IRENA, an intergovernmental organization that counts more than 160 countries as members, cited the limited capacity for mining and refining critical minerals even though it noted there was no scarcity of mineral reserves in the ground. And it warned potential supply disruptions could lead to short-to-medium term market constraints due partly to to under-investment in mining and processing.
The global energy transition is increasing the demand for several critical minerals, said IRENA Director-General Francesco La Camera, raising the need to develop policies that will help expand the number of sources and the countries that can benefit from their production.
“The most important thing is to put in place the mining and environmental [and] social policies that can in some way reevaluate the way that mining [has been] performed in the past, in this new era of the mineral and the rare earth,” La Camera told POLITICO.
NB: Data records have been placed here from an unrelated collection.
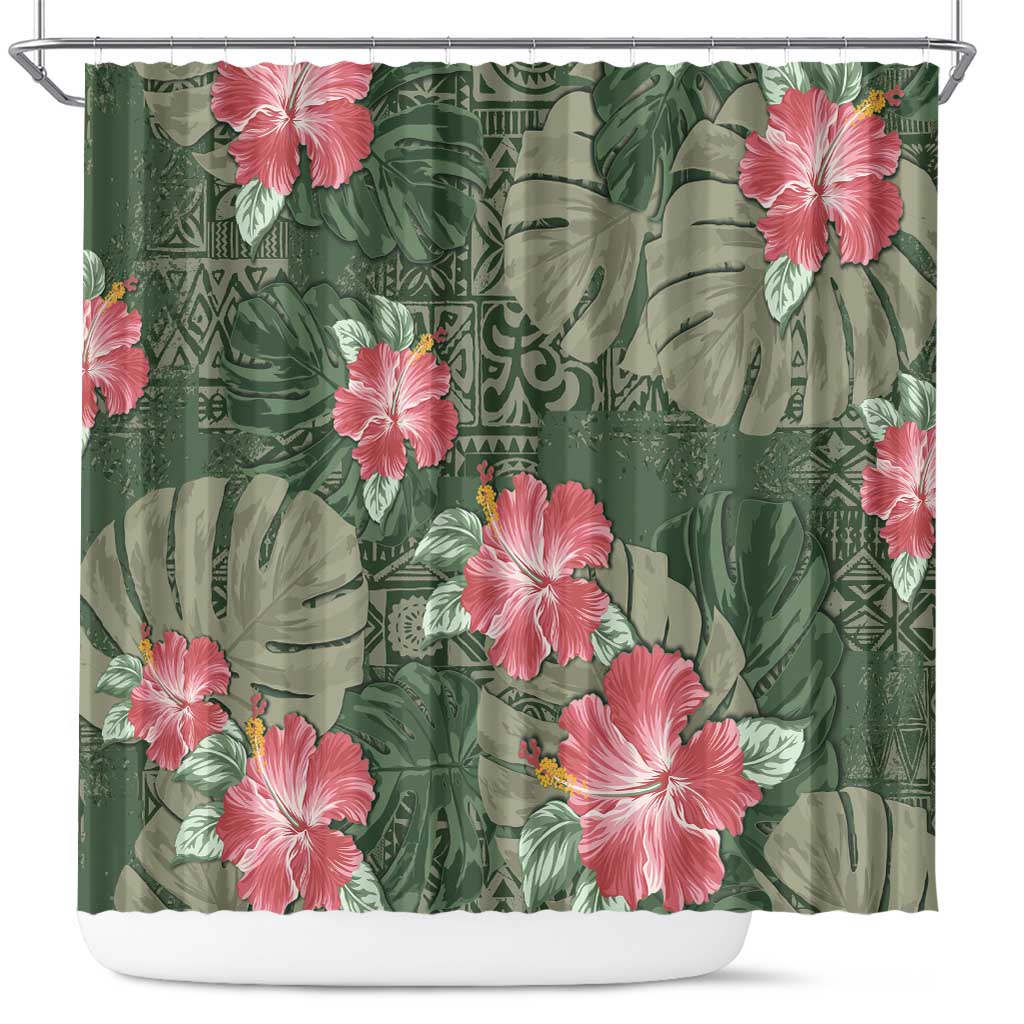 Hawaii Shower Curtain Green Polynesian Monstera Patterns - Polynesian Pride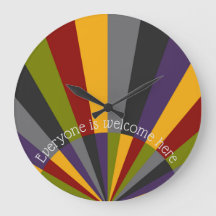 Everyone is Welcome Here Sunrise Sunset Wall Clock
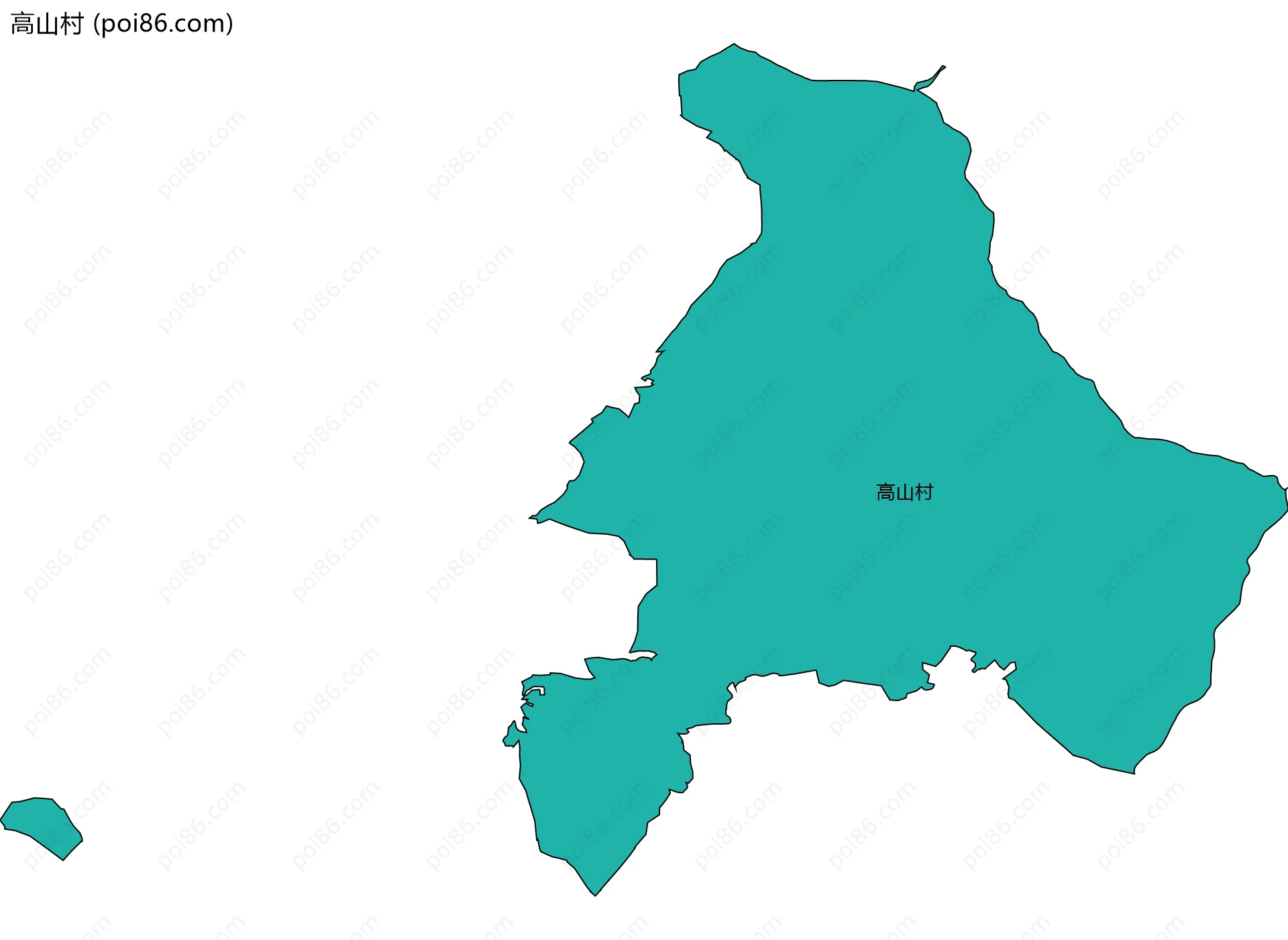 高山村边界地图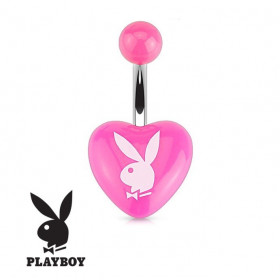 Piercing nombril en acier chirurgical de la marque Playboy  forme de coeur Rose fluo
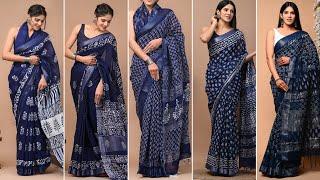 Beautiful Blue colour pure linen cotton sarees #linensarees #saree || New Collection Sarees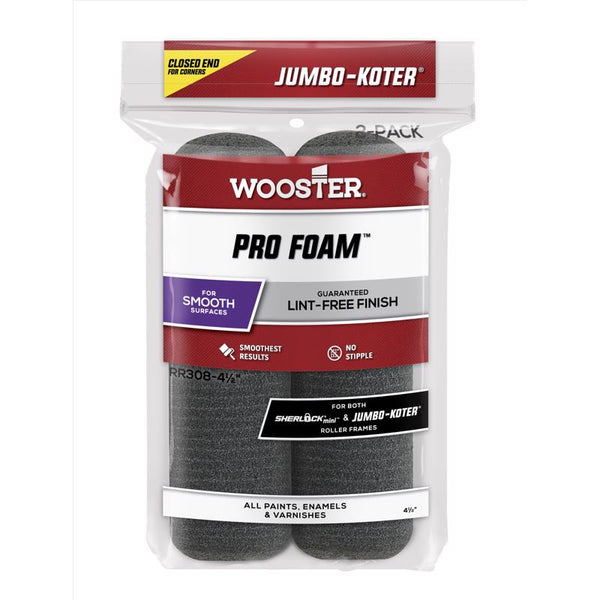 Wooster Brush RR308-4-1/2 Pro Foam, 2-Pack, 4-1/2-Inch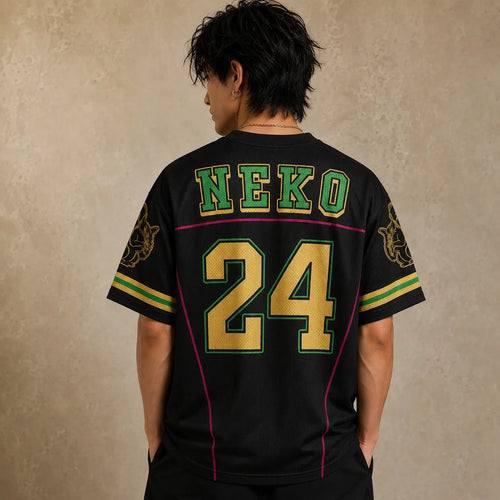 Japanese Cat Football Shirt Black Gold Neko Espresso 24 Chaosbornwear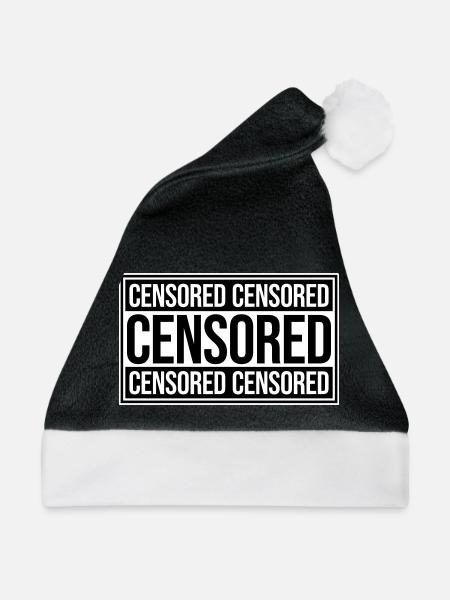 Censored Zensiert Lustig Statement Freiheit Logo - Weihnachtsmütze - Schwarz/Weiß - Vorne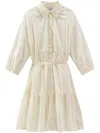 Woolrich Tiered Skirt Cotton Shirt Dress With Puff Sleeves In White
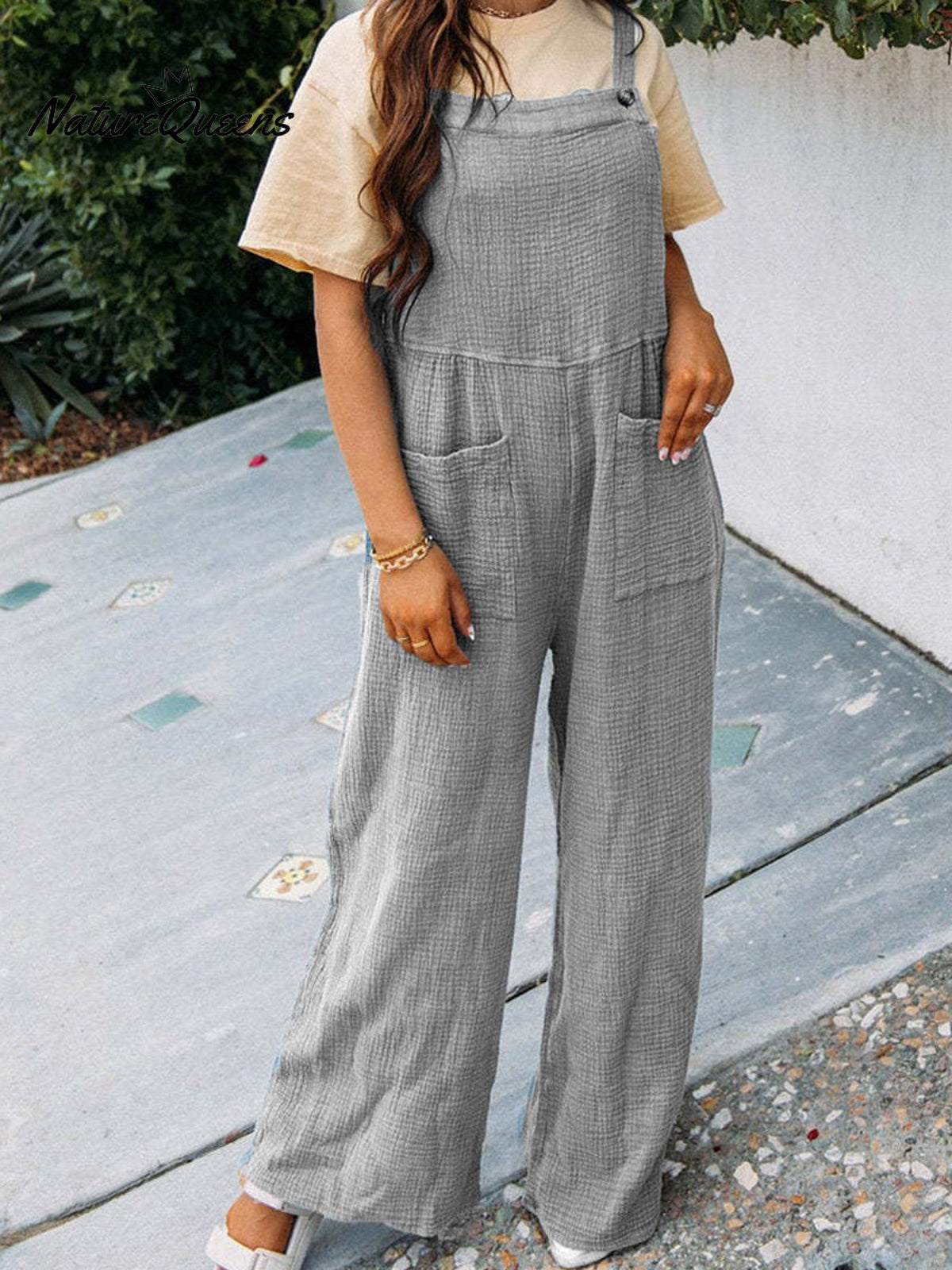 Women’s Casual Solid Colour Square Neck Jumpsuit With Pockets Grey / S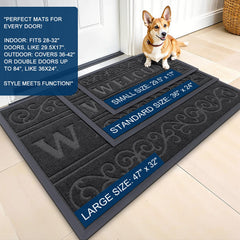 OLANLY Welcome Door Mat 36x24 in outdoor setting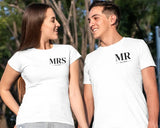 Mr. Mrs Est Shirt, Personalised Est Date Printed T-Shirt, Husband & Wife Couple Matching Tees, Bride and Groom Honeymoon Shirt, Gift for Him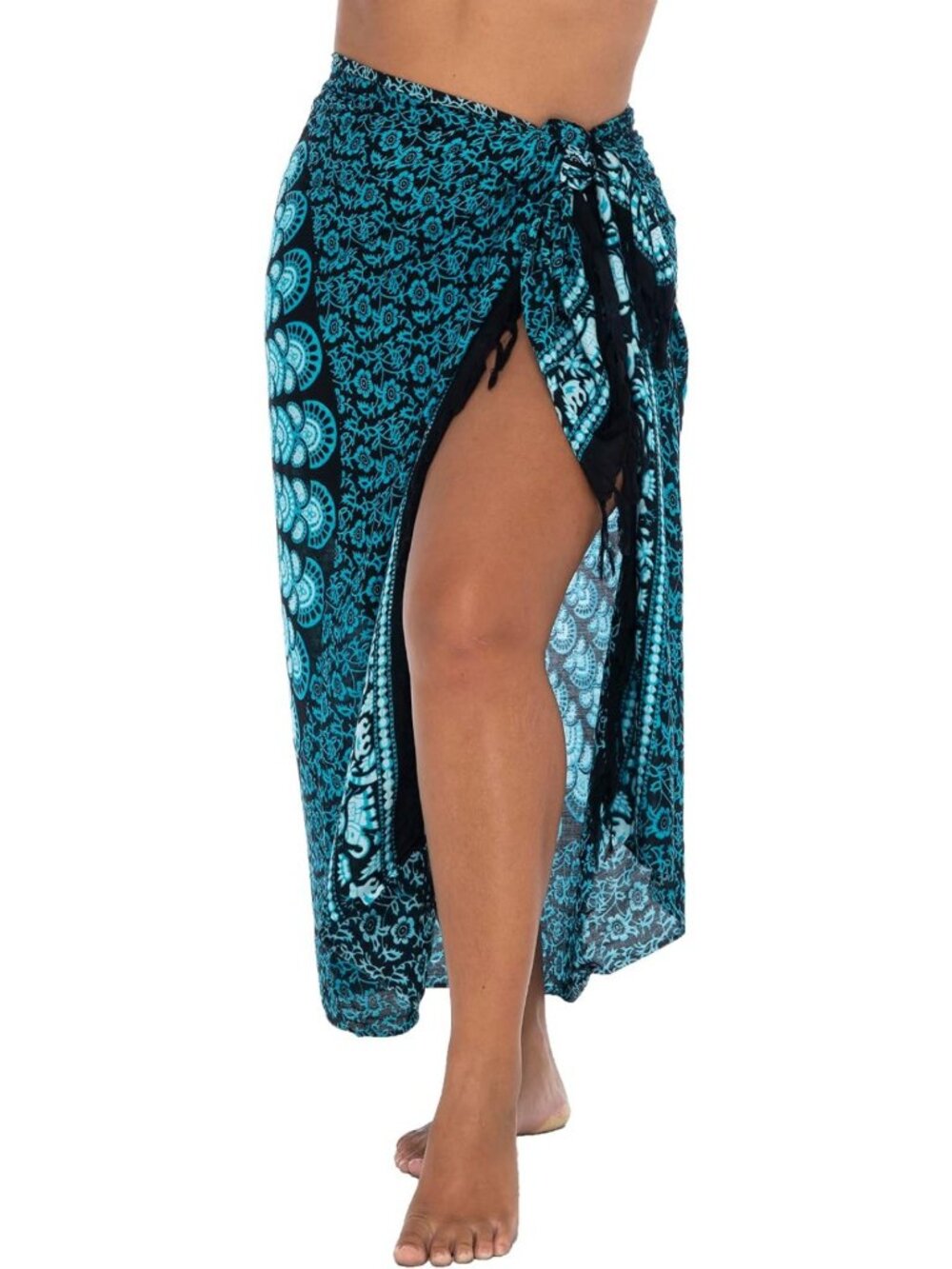 Plus Size Sarong Swimsuit Cover-Up, Peacock Print Beach Wrap Skirt, Bikini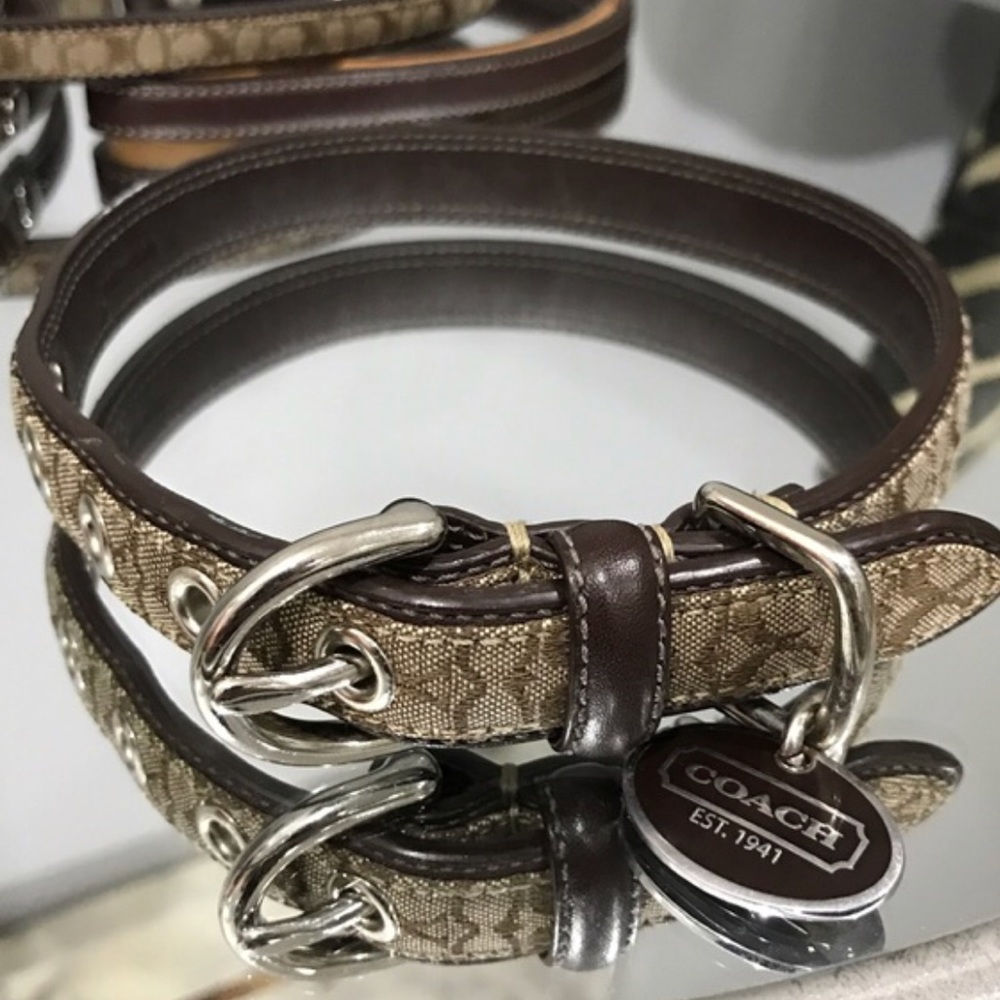 Coach brown leather logo dog collar and leash.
The surging deployment of green technologies has already increased demand for minerals like lithium, cobalt, nickel and copper. The market for energy transition minerals reached $320 billion last year and is set for continued growth, the International Energy Agency said in a separate report this week.
Republican lawmakers have cited the U.S. reliance on imports of critical minerals as a crucial flaw in President Joe Biden’s drive to sharply expand green energy, saying the fast rollout of EVs, solar power and wind turbines will increase dependence on countries like China.
IRENA said a small number of countries play an outsized role in the mining and processing of critical materials. Australia, for example, mined 47 percent of the world’s lithium last year, while China led in graphite output with a 65 percent market share. The Democratic Republic of Congo mined 70 percent of the world’s cobalt.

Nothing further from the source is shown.